*** Data Section Begins ***

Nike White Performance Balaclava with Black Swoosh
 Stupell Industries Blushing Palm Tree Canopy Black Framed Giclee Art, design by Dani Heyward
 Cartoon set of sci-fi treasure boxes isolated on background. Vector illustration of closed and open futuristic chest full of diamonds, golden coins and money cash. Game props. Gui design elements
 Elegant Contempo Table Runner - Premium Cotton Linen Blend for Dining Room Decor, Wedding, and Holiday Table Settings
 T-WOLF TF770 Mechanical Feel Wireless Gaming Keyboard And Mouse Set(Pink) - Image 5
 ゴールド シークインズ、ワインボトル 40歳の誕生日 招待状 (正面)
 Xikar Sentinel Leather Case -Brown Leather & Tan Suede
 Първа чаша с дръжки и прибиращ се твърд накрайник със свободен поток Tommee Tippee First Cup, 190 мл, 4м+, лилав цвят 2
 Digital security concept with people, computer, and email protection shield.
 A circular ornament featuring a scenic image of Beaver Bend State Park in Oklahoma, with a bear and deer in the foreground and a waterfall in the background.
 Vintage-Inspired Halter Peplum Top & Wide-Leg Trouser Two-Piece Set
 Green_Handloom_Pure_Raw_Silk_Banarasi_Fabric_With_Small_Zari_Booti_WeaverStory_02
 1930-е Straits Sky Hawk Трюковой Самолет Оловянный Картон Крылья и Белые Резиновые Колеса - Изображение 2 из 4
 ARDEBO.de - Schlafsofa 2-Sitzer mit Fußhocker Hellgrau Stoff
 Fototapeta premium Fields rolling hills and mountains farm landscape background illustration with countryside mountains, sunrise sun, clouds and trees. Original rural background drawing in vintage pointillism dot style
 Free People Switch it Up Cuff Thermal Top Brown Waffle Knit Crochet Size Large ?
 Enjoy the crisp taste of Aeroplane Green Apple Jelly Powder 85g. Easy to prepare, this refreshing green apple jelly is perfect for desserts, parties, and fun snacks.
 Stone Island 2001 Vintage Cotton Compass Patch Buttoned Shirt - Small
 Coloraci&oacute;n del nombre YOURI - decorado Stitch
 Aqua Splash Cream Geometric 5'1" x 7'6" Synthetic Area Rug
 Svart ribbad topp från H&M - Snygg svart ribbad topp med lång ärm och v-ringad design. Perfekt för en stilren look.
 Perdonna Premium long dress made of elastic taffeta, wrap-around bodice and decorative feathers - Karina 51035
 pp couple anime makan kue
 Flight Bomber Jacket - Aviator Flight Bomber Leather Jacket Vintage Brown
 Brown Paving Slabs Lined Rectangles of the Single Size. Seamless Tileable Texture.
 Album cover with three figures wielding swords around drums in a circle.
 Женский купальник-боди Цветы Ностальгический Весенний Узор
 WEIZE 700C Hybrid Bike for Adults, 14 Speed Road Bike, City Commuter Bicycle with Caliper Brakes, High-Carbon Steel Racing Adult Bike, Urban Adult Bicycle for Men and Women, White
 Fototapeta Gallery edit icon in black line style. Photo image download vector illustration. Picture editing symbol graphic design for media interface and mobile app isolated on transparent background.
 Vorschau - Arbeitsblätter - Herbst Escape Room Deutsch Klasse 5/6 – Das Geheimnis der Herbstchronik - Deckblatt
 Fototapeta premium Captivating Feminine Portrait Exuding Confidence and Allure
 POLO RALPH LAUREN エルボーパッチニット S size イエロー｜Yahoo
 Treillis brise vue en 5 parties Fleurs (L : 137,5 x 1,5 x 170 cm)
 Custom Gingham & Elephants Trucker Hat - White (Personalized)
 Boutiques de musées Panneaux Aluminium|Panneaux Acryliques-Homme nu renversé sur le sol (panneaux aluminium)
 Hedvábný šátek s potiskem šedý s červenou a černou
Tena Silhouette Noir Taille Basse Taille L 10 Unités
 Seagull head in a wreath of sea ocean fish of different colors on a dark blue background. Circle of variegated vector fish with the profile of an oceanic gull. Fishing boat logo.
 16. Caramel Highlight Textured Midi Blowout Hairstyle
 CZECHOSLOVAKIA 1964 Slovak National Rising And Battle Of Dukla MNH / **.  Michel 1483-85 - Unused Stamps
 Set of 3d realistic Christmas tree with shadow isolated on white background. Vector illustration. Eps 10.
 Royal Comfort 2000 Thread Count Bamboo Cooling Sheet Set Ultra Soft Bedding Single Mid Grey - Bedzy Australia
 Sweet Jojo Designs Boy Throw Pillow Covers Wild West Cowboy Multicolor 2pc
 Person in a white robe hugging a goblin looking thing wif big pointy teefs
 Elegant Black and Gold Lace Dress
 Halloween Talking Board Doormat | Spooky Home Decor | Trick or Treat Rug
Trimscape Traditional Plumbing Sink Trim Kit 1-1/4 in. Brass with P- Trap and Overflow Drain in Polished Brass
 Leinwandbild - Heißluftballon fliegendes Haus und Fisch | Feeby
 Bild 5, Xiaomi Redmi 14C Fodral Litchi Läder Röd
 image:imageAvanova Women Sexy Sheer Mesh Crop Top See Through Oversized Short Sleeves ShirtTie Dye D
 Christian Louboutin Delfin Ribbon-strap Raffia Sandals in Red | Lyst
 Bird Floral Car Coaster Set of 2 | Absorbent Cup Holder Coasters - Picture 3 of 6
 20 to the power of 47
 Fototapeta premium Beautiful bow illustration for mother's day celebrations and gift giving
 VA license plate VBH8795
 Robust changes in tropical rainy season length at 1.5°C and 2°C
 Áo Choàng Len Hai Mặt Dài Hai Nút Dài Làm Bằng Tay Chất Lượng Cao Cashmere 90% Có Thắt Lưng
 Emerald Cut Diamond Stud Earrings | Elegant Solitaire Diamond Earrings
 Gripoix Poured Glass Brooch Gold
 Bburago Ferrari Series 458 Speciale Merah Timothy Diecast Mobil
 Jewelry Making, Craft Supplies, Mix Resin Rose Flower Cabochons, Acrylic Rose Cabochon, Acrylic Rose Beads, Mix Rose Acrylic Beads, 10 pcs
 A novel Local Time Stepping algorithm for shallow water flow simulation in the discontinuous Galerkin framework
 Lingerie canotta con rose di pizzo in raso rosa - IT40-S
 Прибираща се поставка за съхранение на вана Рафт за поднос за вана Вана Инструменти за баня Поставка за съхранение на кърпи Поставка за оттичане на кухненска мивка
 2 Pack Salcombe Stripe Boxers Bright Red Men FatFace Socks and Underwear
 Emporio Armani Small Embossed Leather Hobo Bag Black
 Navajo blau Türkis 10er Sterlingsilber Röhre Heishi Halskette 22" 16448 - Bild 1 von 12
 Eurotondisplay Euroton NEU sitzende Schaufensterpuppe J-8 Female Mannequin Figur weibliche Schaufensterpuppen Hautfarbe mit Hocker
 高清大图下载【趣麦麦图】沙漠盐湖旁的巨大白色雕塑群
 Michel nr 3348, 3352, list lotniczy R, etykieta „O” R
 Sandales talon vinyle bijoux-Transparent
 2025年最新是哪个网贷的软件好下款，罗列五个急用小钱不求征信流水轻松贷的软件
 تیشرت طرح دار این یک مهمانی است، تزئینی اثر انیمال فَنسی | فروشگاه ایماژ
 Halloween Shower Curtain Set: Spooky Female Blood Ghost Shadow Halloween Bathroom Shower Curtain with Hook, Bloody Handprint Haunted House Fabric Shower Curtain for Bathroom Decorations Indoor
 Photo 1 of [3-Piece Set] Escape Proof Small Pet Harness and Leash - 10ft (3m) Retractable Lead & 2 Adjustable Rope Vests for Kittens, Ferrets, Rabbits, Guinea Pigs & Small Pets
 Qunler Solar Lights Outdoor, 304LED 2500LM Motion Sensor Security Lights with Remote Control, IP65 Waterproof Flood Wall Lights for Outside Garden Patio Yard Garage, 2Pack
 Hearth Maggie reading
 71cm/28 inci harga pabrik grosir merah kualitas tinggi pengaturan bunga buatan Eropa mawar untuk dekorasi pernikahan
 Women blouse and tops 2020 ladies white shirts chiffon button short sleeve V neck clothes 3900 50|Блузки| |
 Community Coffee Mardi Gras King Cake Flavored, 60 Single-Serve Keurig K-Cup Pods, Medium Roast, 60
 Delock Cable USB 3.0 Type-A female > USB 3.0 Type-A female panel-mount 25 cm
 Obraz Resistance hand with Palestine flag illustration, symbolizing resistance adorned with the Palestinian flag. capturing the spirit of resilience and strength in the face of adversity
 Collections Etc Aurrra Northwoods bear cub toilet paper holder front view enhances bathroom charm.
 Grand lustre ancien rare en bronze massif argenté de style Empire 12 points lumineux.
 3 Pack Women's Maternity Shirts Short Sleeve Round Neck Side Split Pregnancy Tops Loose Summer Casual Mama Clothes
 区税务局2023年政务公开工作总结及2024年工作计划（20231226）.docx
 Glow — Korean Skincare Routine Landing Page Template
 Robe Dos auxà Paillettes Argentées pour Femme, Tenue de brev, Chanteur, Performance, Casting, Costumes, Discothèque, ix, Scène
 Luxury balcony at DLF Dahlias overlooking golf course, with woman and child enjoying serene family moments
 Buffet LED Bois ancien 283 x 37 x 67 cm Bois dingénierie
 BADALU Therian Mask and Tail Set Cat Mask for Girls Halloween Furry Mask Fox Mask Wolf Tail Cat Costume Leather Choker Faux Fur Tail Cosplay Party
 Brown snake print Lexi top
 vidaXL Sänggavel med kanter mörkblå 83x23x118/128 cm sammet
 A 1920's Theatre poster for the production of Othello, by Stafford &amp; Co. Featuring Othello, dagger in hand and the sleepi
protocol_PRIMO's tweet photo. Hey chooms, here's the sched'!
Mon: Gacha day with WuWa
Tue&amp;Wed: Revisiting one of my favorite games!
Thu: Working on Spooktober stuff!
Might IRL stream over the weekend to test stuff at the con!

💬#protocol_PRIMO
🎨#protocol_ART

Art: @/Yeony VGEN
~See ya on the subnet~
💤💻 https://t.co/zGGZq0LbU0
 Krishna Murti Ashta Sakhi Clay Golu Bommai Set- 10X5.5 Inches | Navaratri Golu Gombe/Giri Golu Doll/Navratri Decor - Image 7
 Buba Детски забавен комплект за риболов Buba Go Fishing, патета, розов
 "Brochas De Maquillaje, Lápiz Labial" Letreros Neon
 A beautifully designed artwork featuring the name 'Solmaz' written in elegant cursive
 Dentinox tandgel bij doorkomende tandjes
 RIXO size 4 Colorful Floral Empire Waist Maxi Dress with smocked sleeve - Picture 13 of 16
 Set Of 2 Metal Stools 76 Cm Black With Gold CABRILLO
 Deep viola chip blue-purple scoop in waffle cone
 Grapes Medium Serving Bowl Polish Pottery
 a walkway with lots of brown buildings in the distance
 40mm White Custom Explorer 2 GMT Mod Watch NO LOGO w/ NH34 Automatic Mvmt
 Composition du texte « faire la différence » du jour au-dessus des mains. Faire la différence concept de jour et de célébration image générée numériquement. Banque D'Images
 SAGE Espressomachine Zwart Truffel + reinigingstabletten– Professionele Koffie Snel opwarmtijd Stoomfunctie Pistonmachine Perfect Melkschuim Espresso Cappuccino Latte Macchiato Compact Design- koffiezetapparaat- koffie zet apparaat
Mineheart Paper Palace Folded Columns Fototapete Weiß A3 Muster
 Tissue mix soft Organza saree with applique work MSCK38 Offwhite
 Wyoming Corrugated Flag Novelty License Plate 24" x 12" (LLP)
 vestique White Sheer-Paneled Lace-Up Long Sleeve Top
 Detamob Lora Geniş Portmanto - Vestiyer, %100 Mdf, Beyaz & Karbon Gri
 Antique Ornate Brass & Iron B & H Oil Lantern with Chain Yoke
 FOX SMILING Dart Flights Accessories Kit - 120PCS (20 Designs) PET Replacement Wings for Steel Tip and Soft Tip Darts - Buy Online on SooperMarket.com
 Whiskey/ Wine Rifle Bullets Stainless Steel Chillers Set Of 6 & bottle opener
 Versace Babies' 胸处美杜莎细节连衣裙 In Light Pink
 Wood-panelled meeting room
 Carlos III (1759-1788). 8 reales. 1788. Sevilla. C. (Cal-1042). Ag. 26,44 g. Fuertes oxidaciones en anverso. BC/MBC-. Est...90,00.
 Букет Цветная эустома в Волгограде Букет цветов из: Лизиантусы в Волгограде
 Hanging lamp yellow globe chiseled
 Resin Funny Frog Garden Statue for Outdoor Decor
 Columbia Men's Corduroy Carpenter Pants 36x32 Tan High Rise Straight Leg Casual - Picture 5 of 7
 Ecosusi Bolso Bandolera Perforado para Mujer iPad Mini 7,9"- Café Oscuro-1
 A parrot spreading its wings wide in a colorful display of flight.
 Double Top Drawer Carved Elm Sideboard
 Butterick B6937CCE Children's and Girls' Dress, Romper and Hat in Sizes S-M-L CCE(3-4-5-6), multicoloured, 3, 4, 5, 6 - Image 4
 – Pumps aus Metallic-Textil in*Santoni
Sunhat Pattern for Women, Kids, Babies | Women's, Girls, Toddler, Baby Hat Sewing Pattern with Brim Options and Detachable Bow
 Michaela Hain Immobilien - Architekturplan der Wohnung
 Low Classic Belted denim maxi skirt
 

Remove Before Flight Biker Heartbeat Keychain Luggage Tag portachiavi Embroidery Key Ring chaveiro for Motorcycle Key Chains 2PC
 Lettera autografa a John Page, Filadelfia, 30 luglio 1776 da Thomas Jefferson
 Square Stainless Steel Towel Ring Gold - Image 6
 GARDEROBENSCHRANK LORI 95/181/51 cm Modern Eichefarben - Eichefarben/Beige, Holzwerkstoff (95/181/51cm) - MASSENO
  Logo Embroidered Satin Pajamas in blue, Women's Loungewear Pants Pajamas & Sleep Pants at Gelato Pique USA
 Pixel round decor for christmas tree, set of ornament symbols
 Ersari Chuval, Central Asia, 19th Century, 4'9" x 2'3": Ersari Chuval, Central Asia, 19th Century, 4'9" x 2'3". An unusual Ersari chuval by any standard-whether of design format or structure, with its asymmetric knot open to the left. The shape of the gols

*** Data Section Ends ***

### Exercise description
Find the string "background" in the material above. Then copy each line that has it.

### Answer to this problem
 Cartoon set of sci-fi treasure boxes isolated on background. Vector illustration of closed and open futuristic chest full of diamonds, golden coins and money cash. Game props. Gui design elements
 A circular ornament featuring a scenic image of Beaver Bend State Park in Oklahoma, with a bear and deer in the foreground and a waterfall in the background.
 Fototapeta premium Fields rolling hills and mountains farm landscape background illustration with countryside mountains, sunrise sun, clouds and trees. Original rural background drawing in vintage pointillism dot style
 Fototapeta Gallery edit icon in black line style. Photo image download vector illustration. Picture editing symbol graphic design for media interface and mobile app isolated on transparent background.
 Seagull head in a wreath of sea ocean fish of different colors on a dark blue background. Circle of variegated vector fish with the profile of an oceanic gull. Fishing boat logo.
 Set of 3d realistic Christmas tree with shadow isolated on white background. Vector illustration. Eps 10.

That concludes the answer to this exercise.